Pentagon Acquisition Chief Warns About Misuse of 'Fixed Price' Contracts
2/25/2013
By Sandra I. Erwin
By Sandra I. Erwin
One way to keep vendors from running up the tab is to use fixed-price contracts, particularly in purchases of equipment whose cost and complexity is predictable. But fixed-price contracts come in different varieties, and knowing what specific contract type makes the most sense for the government can be a challenge for Pentagon buyers, warns Undersecretary of Defense for Acquisition, Technology and Logistics Frank Kendall.
Kendall's latest policy guidance tells procurement officials to use "appropriate" contract types. "Unfortunately, sorting this out is not always easy," Kendall writes in the March-April 2013 issue of the Defense Acquisition University journal.
Kendall's rulebook, known as Better Buying Power, has been interpreted as a mandate to avoid "cost-plus" arrangements where the government agrees upfront to pay a vendor to design a product before it has determined its final price tag.
In the article, titled, "Use of Fixed-Price Incentive Firm Contracts in Development and Production," Kendall cautions buyers that there is no simple benchmark to select a contract type. "The choice of appropriate contract types is very 'situationally' dependent," he says.
Kendall suggests that even though fixed-price contracts do relieve the government from taking on all the risk in a program, if not used properly, such deals could backfire and lead to unneeded court battles.
"Fixed firm price development tends to create situations where neither the government nor the contractor has the flexibility needed to make adjustments as they learn more about what is feasible and affordable as well as what needs to be done to achieve a design that meets requirements," he says.
A fixed-price contract is basically a government “hands off” contract, he adds. "While we can get reports and track progress, we have very little flexibility to respond to cases where the contract requirements may be particularly difficult to achieve."

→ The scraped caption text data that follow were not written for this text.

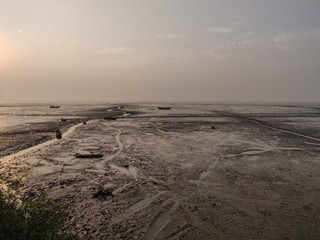 the sand on the seashore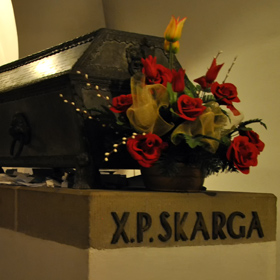 grobowiec Piotra Skargi - kaznodziei nadwornego króla Zygmunta III Wazy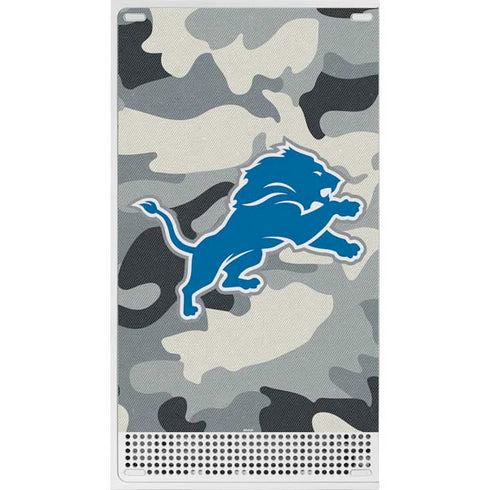 NFL Detriot Lions Camo Xbox Series S Console Skin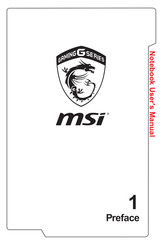 MSI GE72 Apache Pro-003 User Manual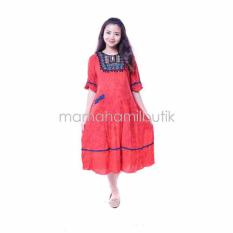 Mama Hamil Baju Hamil Daster Hamil Payung Maroko Cantik - Orange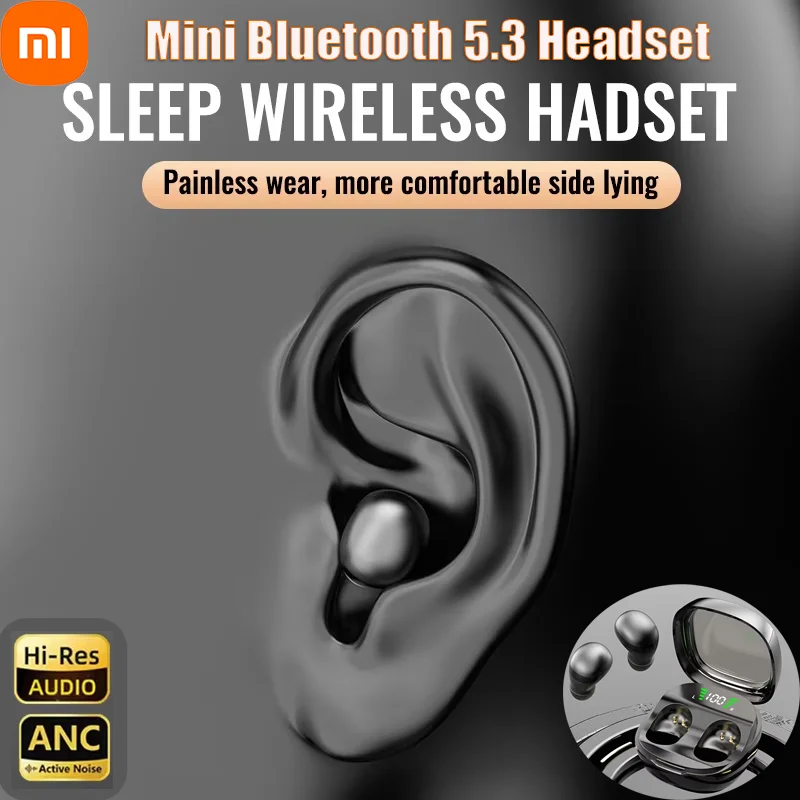 Xiaomi Bluetooth 5.3 Mini Headset HD Hifi Earbuds Invisible Sleep Game Sports Headphones Touch Control Earphones for Men Women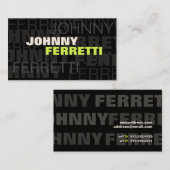 Carte De Visite Mode viii (Devant / Derrière)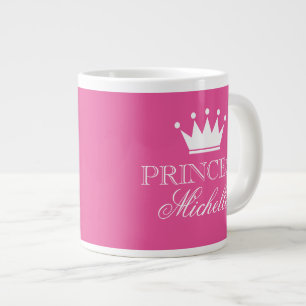 Anpassningsbar rosa prinsessan krona överdimensio jumbo mugg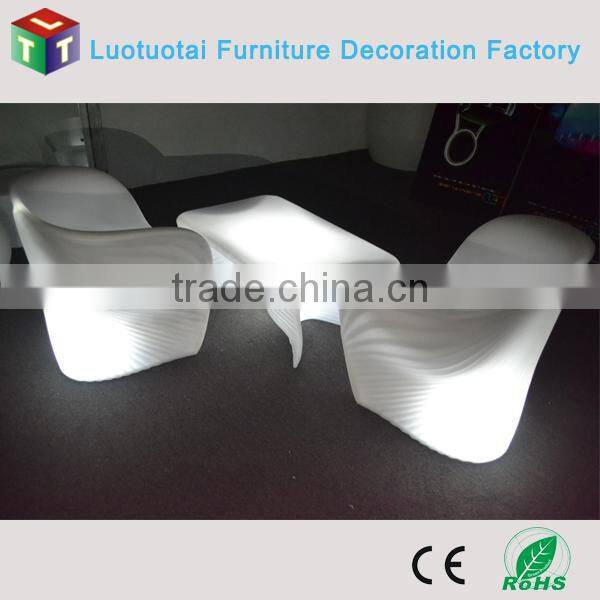 remote cntrol 16 color change eletronic lighting furniture / led table & chair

Shifting the risk to contractors should not be seen as the antidote to the Defense Department's poor track record in predicting costs, Kendall notes. The average EMD (engineering, manufacturing, development) program for a major defense acquisition over the last 20 years has overrun by nearly 30 percent. "Industry can only bear so much of that risk," he says. "It is unrealistic to believe contractors will simply accept large losses. They will not. ... Industry has a finite capacity to absorb that risk and knows how to hire lawyers to help it avoid large losses."
In most cases, says Kendall, there needs to be a "fair sharing" of the risk and rewards of performance. "For good reasons, I am conservative about the use of fixed-price development, but it is appropriate in some cases."

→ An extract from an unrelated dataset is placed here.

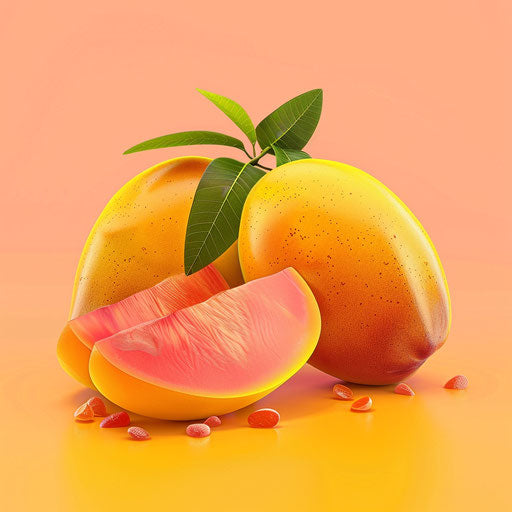 Realistic clipart with random flat background, vibrant tones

Kendall’s admonition follows anavalanche of complaints by defense industry about policies that treat contractors as convenient scapegoats for the Pentagon weapons programs’ massive cost overruns.

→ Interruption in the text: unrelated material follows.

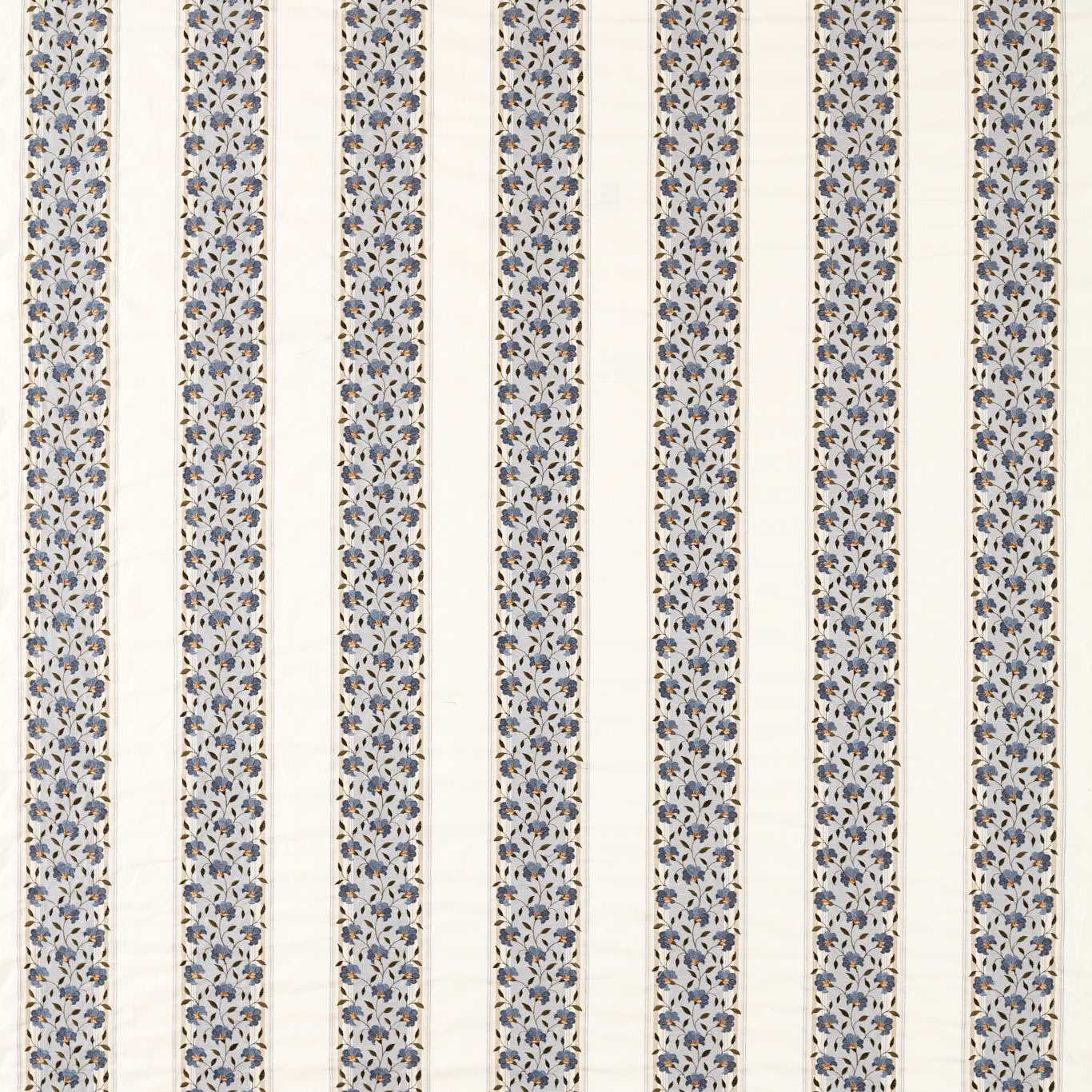 Sloe Blossom Woad/Porcelain Fabric by SAN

“The government rarely knows what it wants with sufficient specificity to support reasonable fixed prices for evolving, complex or sophisticated products to be delivered years later,” charges John Chierichella, a government contracting attorney at the law firm of Sheppard, Mullin, Richter & Hampton LLP.
He predicts the “latest federal fascination with fixed prices will end like the others — badly — with delayed fielding of the products, contractors deeply damaged by inadequate cash flow, increased claims and litigation, and focused “bail outs” in which the government decides which of the wounded contractors deserves triage.”
A shift toward fixed-price contract began during the second half of President Obama's first term. Pentagon officials had become increasingly frustrated as too many programs got started and “we find out later on that they were unaffordable,”Kendall says in a February 2012 speech. He cites fixed-price contracting as one of several contracting trends that are embraced and rejected in cycles. In the past two decades, he says, “We have been for-or-against for-or-against fixed price contracting four or five times."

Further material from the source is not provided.